Today I’m sharing a recipe by Stephanie Alexander, one of my food heroes. Her passionate dedication to her vision for a country where children grow up connected to the sources of their food by learning how to grow, harvest, prepare and share delicious food, has led to the establishment of Stephanie Alexander Kitchen Garden Program in hundreds of schools around Australia. You can read the whole story here. In many ways it is thanks to her and the success of her program, that I am able to earn my living doing something I love – teaching children how to cook, using the gorgeous, organic produce that they’ve grown in their school gardens.
Sometimes, I have to pinch myself. I remember some years ago, standing in a bookshop, babe on hip, wistfully poring over the pages of Stephanie’s first book on the subject, Kitchen Garden Cooking with Kids. At that time, I remember thinking what a wonderful idea it was, how inspired I felt flicking through the pages, and how hard it was to put it back on the shelf.
I loved that the program sought to create kitchens in schools that looked and felt like home rather than the sterile home economics rooms of yesteryear, that food acceptance was taught through positive experience and pleasure, not food pyramids, and that food labels such as healthy or unhealthy, good or bad were thrown away in favour of words like fragrant, juicy, sweet and slippery. When you are cooking from the garden, it’s all good! It resonated deeply with my own beliefs about kids and food and I wanted more.
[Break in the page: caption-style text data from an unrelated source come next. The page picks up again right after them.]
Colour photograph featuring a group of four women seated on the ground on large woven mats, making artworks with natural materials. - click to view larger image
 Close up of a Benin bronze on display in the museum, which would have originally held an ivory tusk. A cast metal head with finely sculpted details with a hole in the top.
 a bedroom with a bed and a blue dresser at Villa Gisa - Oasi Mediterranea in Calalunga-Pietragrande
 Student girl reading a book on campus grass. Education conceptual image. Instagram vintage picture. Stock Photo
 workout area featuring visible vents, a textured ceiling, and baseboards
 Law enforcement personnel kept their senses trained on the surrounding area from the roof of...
Fast forward a few years, we are looking at high school options for that little babe, and each day that I go to work I find myself right there amongst the pages of that book (figuratively speaking!). At the time, I would have been happy just to have taken the book home – I never dreamt that it would become something that I live and breathe every day.
So these days, part of my job (along with working with gorgeous children and passionate, awesome adults) is to design menus based on what’s ready to harvest from the garden. Jerusalem artichokes are one of those vegetables that, once planted, reward the gardener with an abundant harvest year after year. The problem for many people is knowing what to do with them all. I have used the basic recipe shown here with lots of different vegetables over the years, and they are always a winner with the kitchen garden kids. Thanks Stephanie!
Glazed Jerusalem Artichokes
500g jerusalem artichokes
40 g of butter
2 teaspoons caster sugar
1 cup chicken or vegetable stock
1 fresh bay leaf
Several sprigs of parsley
sea salt and freshly ground black pepper
Give the jerusalem artichokes a good scrub with a veggie brush, then, using a vegetable peeler, remove any darkened or rough patches that may be left on the surface. Chop into 2cm pieces.
Boil the water, turn down to a simmer, then carefully drop in the artichokes, along with a pinch of salt. Simmer for 3-5 minutes.
Heat butter and sugar in a sauté pan or wide-based saucepan over medium heat until sugar is dissolved. Stir with the wooden spoon to ensure mixture doesn’t stick to pan.
Tip in artichokes and shake to coat with the syrupy liquid. Add stock and bay leaf, then cover and simmer for around 10 minutes.
Test artichokes with a skewer. If tender, remove lid, increase heat to high and shake pan so the liquid evaporates, coating everything with the golden sauce.
Season with pepper and sprinkle with chopped parsley before serving.